By late May, the first rains mooted the pretext of campesino-set fires to dislodge the communities, but the threat of eviction still hangs as heavily as the swollen rain clouds over Montes Azules.

Experts like Barreda are convinced that resource exploitation is once again at the bottom of the current campaign to oust the Indians. Oil production has been ongoing for several decades just east of the reserve, bordering Guatemala’s Peten. Then there’s the transnational exploitation of the Lacandon’s world-class biodiversity.


Evening frogs

Representatives of 32 forest communities, ecologists, PRD politicos, the press and the government environmental secretariat dropped into Nuevo San Gregorio for the May 20 forum, where participants watched the children of the community crayon posters of parrots, toucans and jaguars adorned with the legend, “We have a right to live here in harmony with the animals and the plants! Señores of the Environment, do not evict us please!”
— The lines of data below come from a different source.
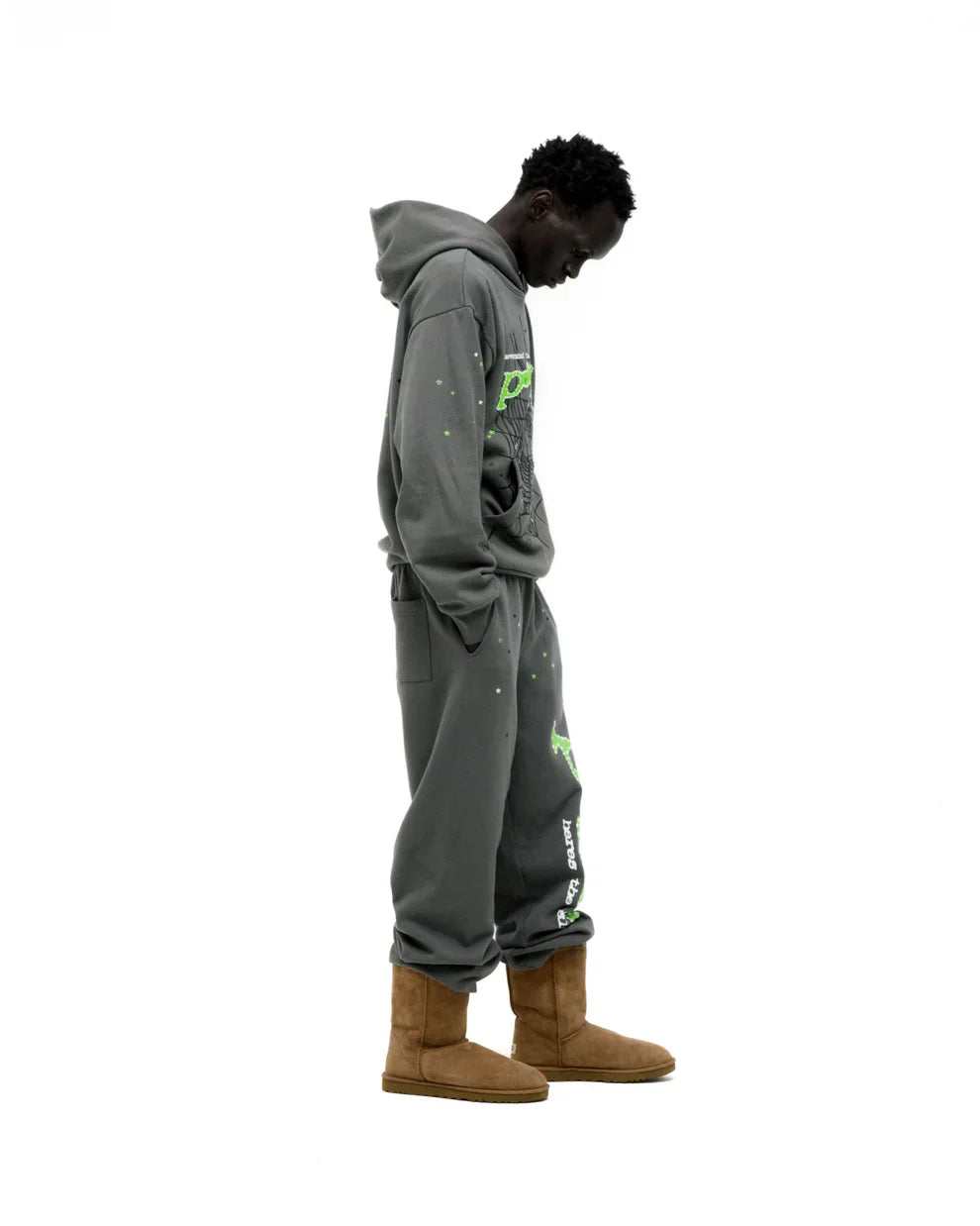A person stands in profile against a white background, wearing an olive green Sp5der “P!nk! Hares the Slime” 440GSM heavyweight spider-web hoodie with their hands in their pockets and head slightly bowed.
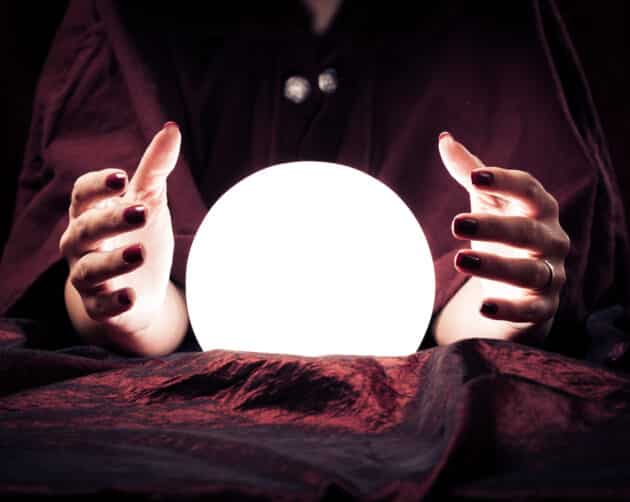 A person in a dark cloak holds their hands around a glowing crystal ball. The scene is dimly lit, casting shadows on the deep red fabric covering the table. The person's nails are painted dark red, as they whisper social housing predictions for 2025, deepening the mysterious atmosphere. ©Mobysoft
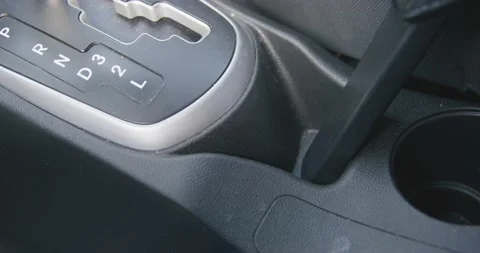 Cleaning plastic panel of car gearbox with vacuum cleaner, close up. Stock Footage 205973502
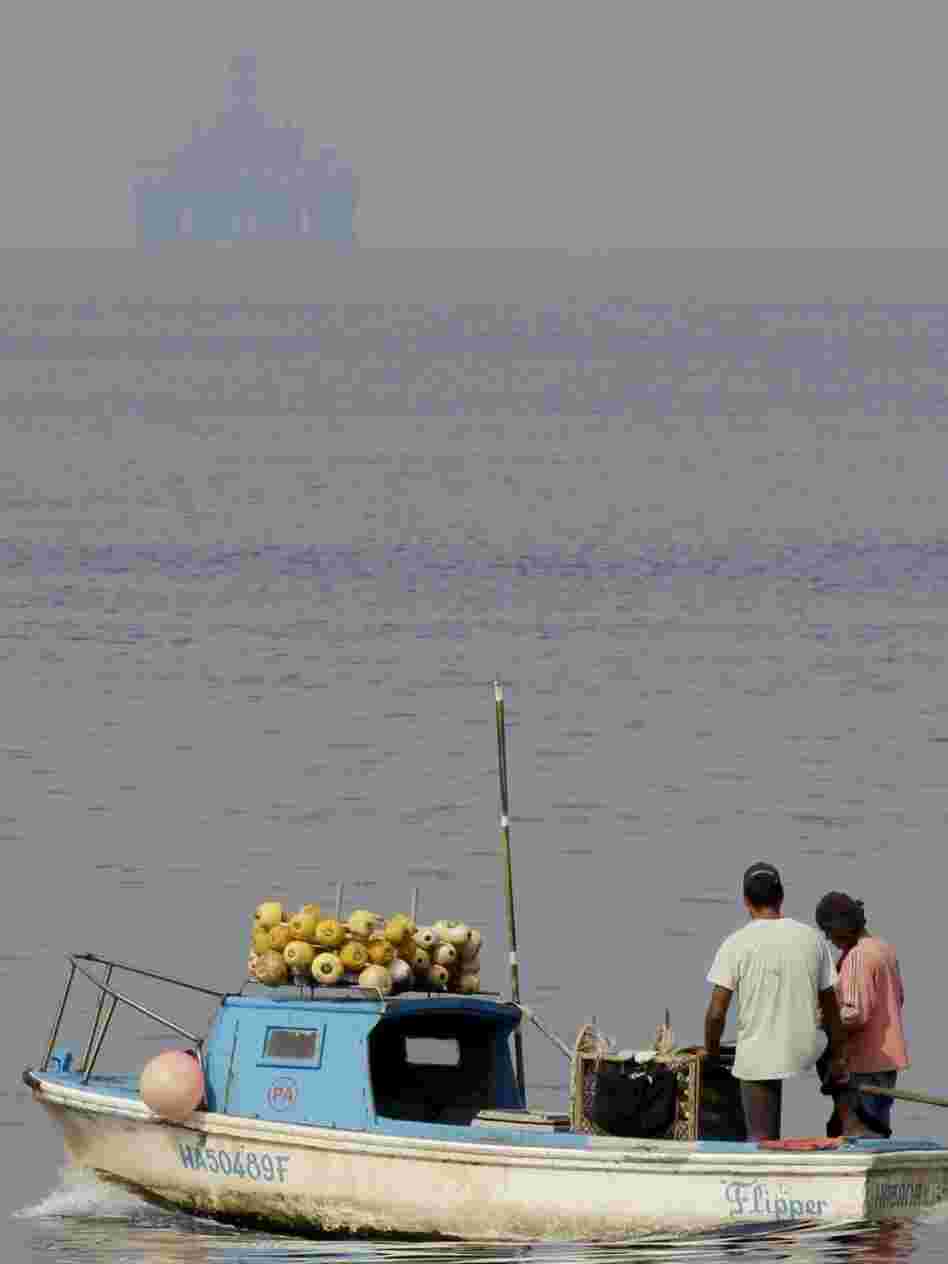 Fishermen work near the Scarabeo-9 oil rig off the coast of Cuba. U.S. officials are concerned about the potential impact in the case of a spill.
In the evening, amidst a racket of frogs and crickets and ululating howler monkeys, young Porfirio Encino, the indefatigable ARIC organizer, gave voice to the Declaration of Nuevo San Gregorio, which proclaimed that the communities are “the guardians of the Montes Azules” and demanded an end “to the thievery of our plants.”

Then, in the way such assemblies are often adjourned in this jungle where both Bishop Ruiz and the Zapatista Army of National Liberation still wield considerable influence, the village catechist offered an Our Father in Tzotzil, and the settlers sang the hymn of their resistance, and everyone dashed for cover as the rain began to fall thickly upon the forest.